The “quasi” in the title is a misnomer in the context of aster
models but the acronym PQL for this procedure is well-established in
the generalized linear mixed models literature.
vector of square roots of variance components,
one component for each group of random effects. Negative values are
allowed; the vector of variance components is sigma^2.
parm
starting value for inner optimization. Ignored if
cache$parm exists, in which case the latter is used.
For pickle and pickle1, length
is number of effects (fixed and random).
For pickle2, length
is number of random effects.
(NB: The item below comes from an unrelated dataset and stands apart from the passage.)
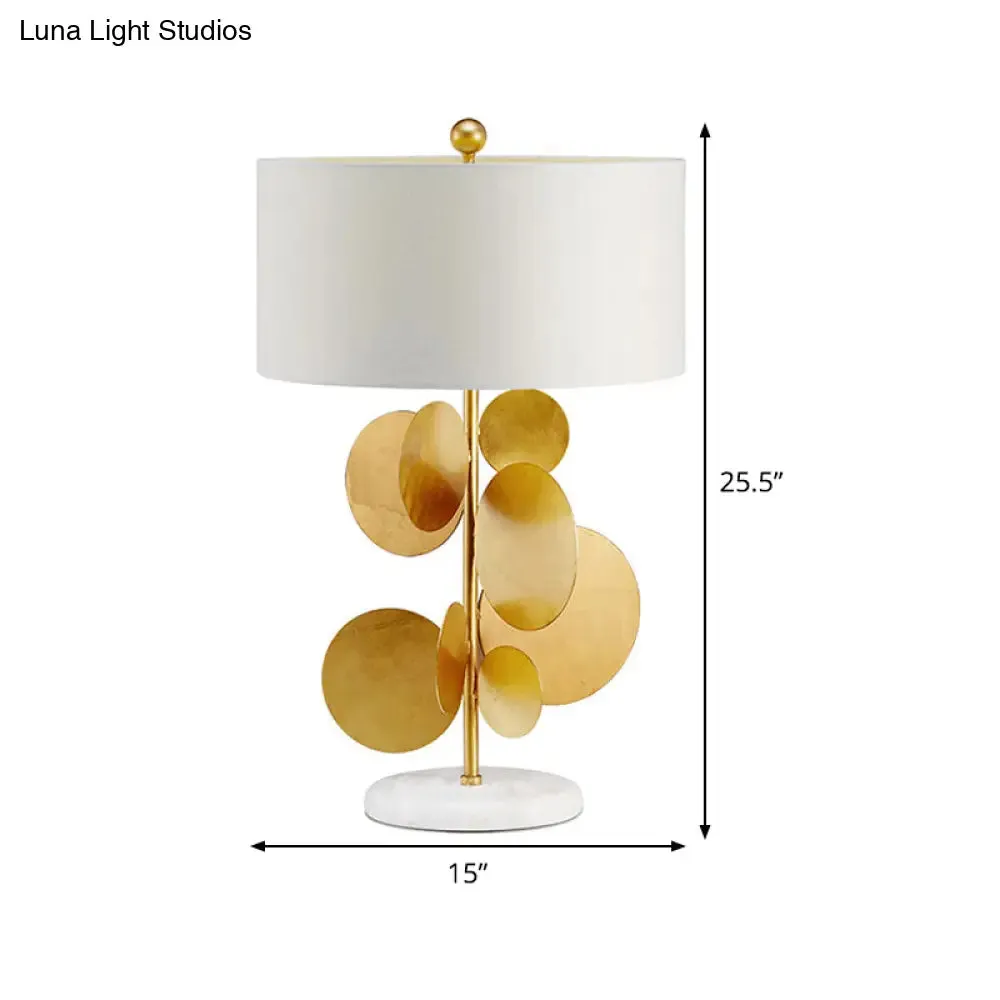 Modern Fabric Table Lamp: Shaded, White, 1 Bulb Task Lighting with Marble Base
For all, random effects are rescaled,
divided by the corresponding component of sigma if that is
nonzero and equal to zero otherwise.
alphasigma
the concatenation of the vector of fixed effects
and the vector of square roots of variance components.
alphaceesigma
the concatenation of the vector of fixed effects,
the vector of rescaled random effects,
and the vector of square roots of variance components.
fixed
the model matrix for fixed effects. The number of rows
is nrow(obj$data). The number of columns is the number of fixed
effects.
random
the model matrix or matrices for random effects.
The number of rows is nrow(obj$data). The number of columns
is the number of random effects in a group. Either a matrix or a list
each element of which is a matrix.
obj
aster model object, the result of a call to aster.
y
response vector. May be omitted, in which case obj$x
is used. If supplied, must be a matrix of the same dimensions as
obj$x.
origin
origin of aster model. May be omitted, in which case
default origin (see aster) is used. If supplied, must be
a matrix of the same dimensions obj$x.
cache
If not missing, an environment in which to cache the value
of parm found during previous evaluations. If supplied parm
is taken from cache.
zwz
A possible value of t(Z) W Z, where Z is the
model matrix for all random effects and W is the variance matrix of
the response.
deriv
Number of derivatives wanted. For pickle1
or pickle2, either zero or one. For pickle3,
zero, one or two.
...
additional arguments passed to trust, which
is used to maximize the penalized log likelihood.
Details
Define
p(alpha, c, sigma) = m(a + M alpha + Z A c) + t(c) c / 2 + log det[A t(Z) What Z A + I] / 2
where m is minus the log likelihood function of a saturated aster model,
a is a known vector (the offset vector in the terminology
of glm but the origin in the terminology
of aster), M is a known matrix, the model matrix for
fixed effects (the argument fixed of these functions),
Z is a known matrix, the model matrix for random effects
(either the argument random of these functions if it is a matrix or
Reduce(cbind, random) if random is a list of matrices),
A is a diagonal matrix whose diagonal is the vector
rep(sigma, times = nrand)
where nrand is sapply(random, ncol)
when random is a list of
matrices and ncol(random) when random is a matrix,
What is any symmetric positive semidefinite matrix
(more on this below),
and I is the identity matrix.
Note that A is a function of sigma although the
notation does not explicitly indicate this.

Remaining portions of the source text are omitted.